WHAT IS NEEDED>
Would you restate every entry below word for word? Leave out the pictures.

Saved data entries>

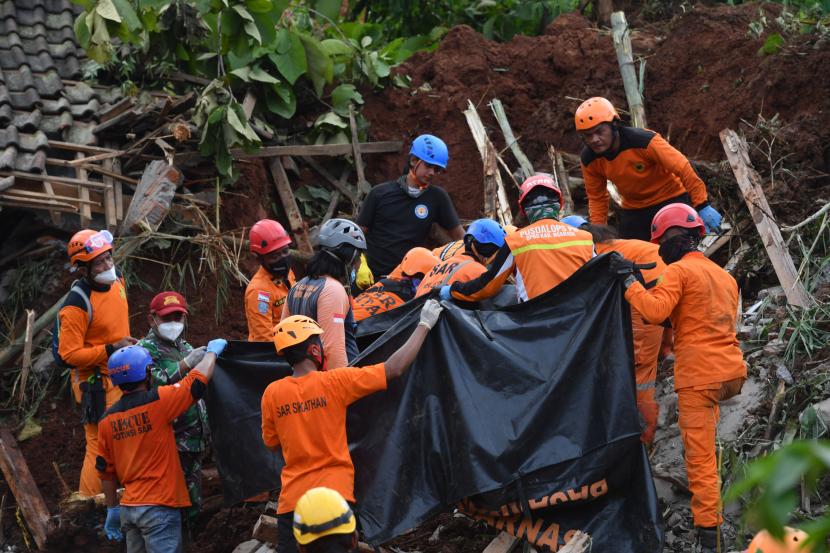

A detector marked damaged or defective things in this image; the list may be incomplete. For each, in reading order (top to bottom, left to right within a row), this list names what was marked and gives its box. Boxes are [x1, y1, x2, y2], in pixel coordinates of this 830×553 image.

broken wooden plank [612, 11, 648, 128]
broken wooden plank [120, 162, 182, 235]
broken wooden plank [270, 156, 316, 253]
broken wooden plank [232, 140, 404, 157]
broken wooden plank [304, 155, 360, 203]
broken wooden plank [348, 103, 370, 201]
broken wooden plank [462, 100, 512, 225]
broken wooden plank [490, 97, 536, 179]
broken wooden plank [720, 129, 816, 308]
broken wooden plank [16, 308, 35, 404]
broken wooden plank [0, 426, 52, 548]
broken wooden plank [250, 512, 280, 544]
broken wooden plank [484, 532, 516, 552]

WRITTEN ANSWER>
A detector marked damaged or defective things in this image; the list may be incomplete. For each, in reading order (top to bottom, left to right within a row), this list names what was marked and gives its box. Boxes are [x1, y1, x2, y2], in pixel coordinates of this 830×553 image.

broken wooden plank [612, 11, 648, 128]
broken wooden plank [120, 162, 182, 235]
broken wooden plank [270, 156, 316, 253]
broken wooden plank [232, 140, 404, 157]
broken wooden plank [304, 155, 360, 203]
broken wooden plank [348, 103, 370, 201]
broken wooden plank [462, 100, 512, 225]
broken wooden plank [490, 97, 536, 179]
broken wooden plank [720, 129, 816, 308]
broken wooden plank [16, 308, 35, 404]
broken wooden plank [0, 426, 52, 548]
broken wooden plank [250, 512, 280, 544]
broken wooden plank [484, 532, 516, 552]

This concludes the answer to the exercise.